What you should do: Where the material below has a line containing "Duocool Cordless Smart 2-in-1 Fan", start repeating exactly, and keep going through the line containing "RF Venue’s RF", with no other lines.

Dataset extract:
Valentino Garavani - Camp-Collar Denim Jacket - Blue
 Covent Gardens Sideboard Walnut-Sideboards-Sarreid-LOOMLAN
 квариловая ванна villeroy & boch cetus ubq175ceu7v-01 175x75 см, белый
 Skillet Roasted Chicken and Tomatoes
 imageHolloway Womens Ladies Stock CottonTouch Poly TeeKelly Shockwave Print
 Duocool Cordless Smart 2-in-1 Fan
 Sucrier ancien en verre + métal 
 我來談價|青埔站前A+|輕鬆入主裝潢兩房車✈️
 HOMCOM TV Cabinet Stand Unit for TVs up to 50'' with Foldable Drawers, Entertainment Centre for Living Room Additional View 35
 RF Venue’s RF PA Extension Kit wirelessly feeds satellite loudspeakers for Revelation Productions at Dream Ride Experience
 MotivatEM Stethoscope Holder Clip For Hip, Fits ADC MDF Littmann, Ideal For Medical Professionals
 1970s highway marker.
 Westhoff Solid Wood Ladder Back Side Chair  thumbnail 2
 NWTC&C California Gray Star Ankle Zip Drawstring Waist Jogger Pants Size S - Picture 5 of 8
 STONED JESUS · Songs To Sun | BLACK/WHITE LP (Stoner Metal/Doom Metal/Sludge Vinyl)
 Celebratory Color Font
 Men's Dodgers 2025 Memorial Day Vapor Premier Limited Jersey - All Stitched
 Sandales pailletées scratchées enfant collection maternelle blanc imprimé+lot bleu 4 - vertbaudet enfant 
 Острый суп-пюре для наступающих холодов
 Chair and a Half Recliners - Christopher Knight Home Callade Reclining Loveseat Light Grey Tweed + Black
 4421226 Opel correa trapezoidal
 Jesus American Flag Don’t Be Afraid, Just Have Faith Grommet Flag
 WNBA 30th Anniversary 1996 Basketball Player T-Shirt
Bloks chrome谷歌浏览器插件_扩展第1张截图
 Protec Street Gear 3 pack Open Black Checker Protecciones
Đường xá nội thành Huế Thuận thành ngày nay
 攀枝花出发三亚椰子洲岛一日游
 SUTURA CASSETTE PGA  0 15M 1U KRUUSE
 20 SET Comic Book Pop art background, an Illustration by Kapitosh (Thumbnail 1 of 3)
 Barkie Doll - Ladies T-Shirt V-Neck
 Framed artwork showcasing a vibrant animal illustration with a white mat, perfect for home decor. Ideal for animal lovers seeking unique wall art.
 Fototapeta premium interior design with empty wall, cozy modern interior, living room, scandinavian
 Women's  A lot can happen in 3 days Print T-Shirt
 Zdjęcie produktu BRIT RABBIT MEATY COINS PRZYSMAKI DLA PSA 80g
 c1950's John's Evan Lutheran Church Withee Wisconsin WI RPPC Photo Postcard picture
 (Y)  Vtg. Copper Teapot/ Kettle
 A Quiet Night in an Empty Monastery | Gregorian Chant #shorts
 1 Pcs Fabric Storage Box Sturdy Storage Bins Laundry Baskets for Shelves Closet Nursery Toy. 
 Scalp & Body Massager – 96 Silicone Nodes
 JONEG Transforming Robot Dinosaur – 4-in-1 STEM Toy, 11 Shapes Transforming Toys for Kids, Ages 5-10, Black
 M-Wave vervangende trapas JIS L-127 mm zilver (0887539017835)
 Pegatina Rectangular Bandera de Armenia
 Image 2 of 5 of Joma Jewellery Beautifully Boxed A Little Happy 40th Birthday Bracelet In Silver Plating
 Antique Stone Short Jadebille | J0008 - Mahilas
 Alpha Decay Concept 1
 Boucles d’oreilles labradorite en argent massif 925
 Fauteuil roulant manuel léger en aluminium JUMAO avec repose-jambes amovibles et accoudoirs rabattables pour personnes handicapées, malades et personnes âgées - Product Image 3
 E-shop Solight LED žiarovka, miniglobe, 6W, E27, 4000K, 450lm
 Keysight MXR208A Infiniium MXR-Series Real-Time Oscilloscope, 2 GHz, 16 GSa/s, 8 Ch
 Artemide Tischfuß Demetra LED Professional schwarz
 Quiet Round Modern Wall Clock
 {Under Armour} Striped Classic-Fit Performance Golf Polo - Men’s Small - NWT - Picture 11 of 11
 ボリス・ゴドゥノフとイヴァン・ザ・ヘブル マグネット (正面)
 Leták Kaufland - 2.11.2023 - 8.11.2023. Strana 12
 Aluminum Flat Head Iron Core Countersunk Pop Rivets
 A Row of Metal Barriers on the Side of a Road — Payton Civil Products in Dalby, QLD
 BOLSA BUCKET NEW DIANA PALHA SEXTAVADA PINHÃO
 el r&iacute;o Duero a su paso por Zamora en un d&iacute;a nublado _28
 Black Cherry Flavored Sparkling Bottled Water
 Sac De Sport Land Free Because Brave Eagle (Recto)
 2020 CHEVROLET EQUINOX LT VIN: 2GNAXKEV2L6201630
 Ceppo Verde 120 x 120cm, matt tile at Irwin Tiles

The completed task:
 Duocool Cordless Smart 2-in-1 Fan
 Sucrier ancien en verre + métal 
 我來談價|青埔站前A+|輕鬆入主裝潢兩房車✈️
 HOMCOM TV Cabinet Stand Unit for TVs up to 50'' with Foldable Drawers, Entertainment Centre for Living Room Additional View 35
 RF Venue’s RF PA Extension Kit wirelessly feeds satellite loudspeakers for Revelation Productions at Dream Ride Experience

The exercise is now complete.